From governance to visibility

At corporate level, organisations define direction, ownership and accountability. But governance alone is not enough. Because what is not made visible cannot be measured and what is not measured cannot be sustained. This is where ESG reporting becomes essential.

Making the invisible visible

The “S” in ESG reflects how organisations care for people, manage risk and build long-term resilience. Yet one critical dimension often remains underexposed: the impact of trauma in the workplace. Not as isolated events, but as a structural reality that shapes how people function, connect and perform. When this remains invisible, the consequences do not. They surface in absence, disengagement, turnover and loss of trust.

From governance to accountability

If governance defines responsibility, then reporting defines accountability. Organisations are increasingly expected through frameworks such as IFRS, CSRD and ESRS to demonstrate how they manage social impact and employee wellbeing. This requires more than intention. It asks for a structured way to make psychosocial risk and recovery visible, measurable and aligned with broader organisational strategy.
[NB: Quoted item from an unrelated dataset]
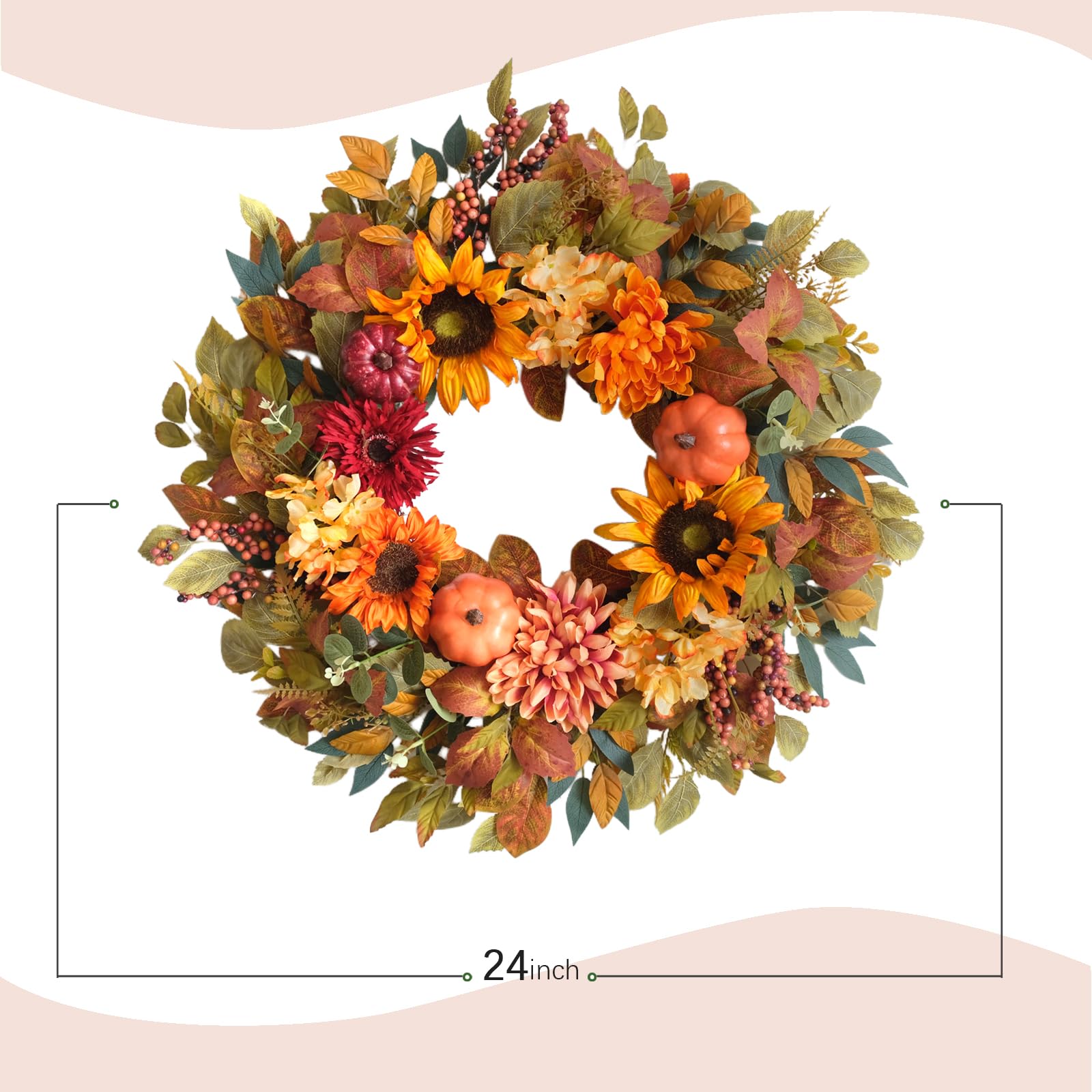 Bibelot 24 Inch Sunflower Pumpkin Fall Wreath for Front Door - Artificial Grapevine Harvest Decor with Dahlias & Hydrangeas, Tha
From insight to implementation

This is where a structured approach becomes critical. The five-phase model of post-traumatic growth offers insight into how people move through trauma. The 8-step and corporate strategy translates that insight into organisational practice. Together, they create a bridge between human experience and organisational systems connecting leadership, HR, HSE, wellbeing and ESG into one coherent approach.

Why this matters

Embedding trauma-informed leadership into ESG reporting does more than support compliance. It strengthens the organisation itself. It helps reduce long-term absence and hidden costs. It builds trust and retention. It improves transparency and it contributes to a more resilient and future-ready culture. But perhaps most importantly, it ensures that people are not only supported but truly recognised.

From visibility to sustainability

At this level, the shift becomes clear. From awareness, to governance, to accountability. Where wellbeing and psychosocial safety are no longer implicit, but embedded in how organisations measure success, manage risk and communicate impact. This is how sustainability becomes real. Not only for the planet —
but for people.

What comes next

The next step is ensuring that what is measured is also continuously improved closing the loop between insight, action and long-term impact. So that this approach does not remain local or fragmented,
but grows into a shared standard a mission that resonates across organisations, cultures and continents.